**ASSIGNMENT:**
Write again exactly the lines in the listing below, starting at the line with "Perregimi sandalen Op" and ending at the line with "Dog Skin Comfort", both included. Pictures are not copied.

**AVAILABLE RECORDS:**
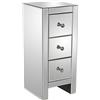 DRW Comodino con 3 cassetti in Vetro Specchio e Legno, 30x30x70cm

--

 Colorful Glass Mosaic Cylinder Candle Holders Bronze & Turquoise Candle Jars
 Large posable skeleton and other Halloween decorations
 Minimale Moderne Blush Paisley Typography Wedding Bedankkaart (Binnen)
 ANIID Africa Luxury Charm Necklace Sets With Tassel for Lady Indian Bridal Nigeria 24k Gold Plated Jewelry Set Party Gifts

---

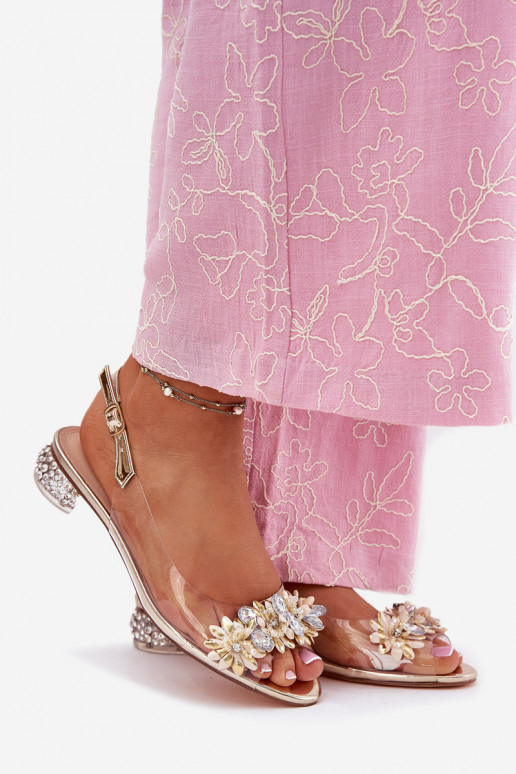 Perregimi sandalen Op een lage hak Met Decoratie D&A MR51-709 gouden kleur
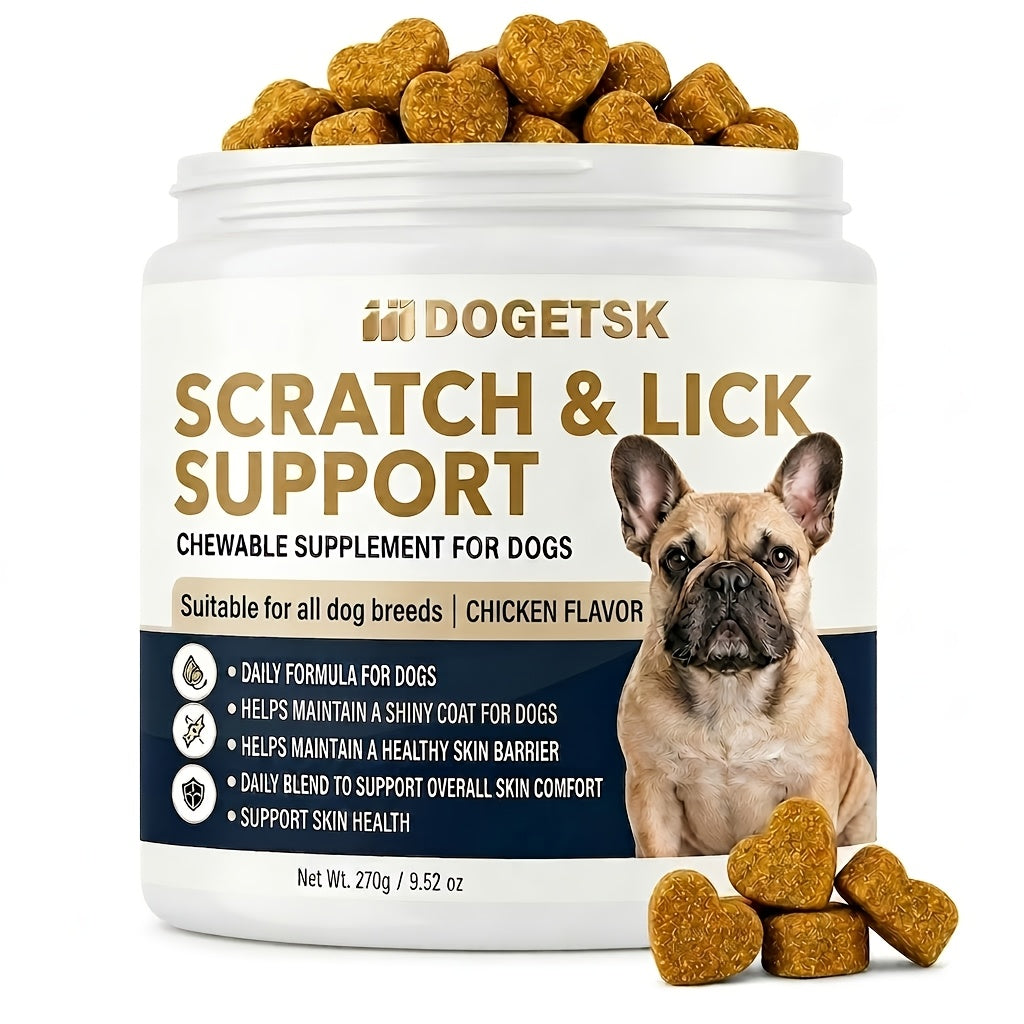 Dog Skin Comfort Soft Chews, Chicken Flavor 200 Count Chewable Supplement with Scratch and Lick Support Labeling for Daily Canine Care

**RESULT FOR THIS EXERCISE:**
 Perregimi sandalen Op een lage hak Met Decoratie D&A MR51-709 gouden kleur
 Dog Skin Comfort Soft Chews, Chicken Flavor 200 Count Chewable Supplement with Scratch and Lick Support Labeling for Daily Canine Care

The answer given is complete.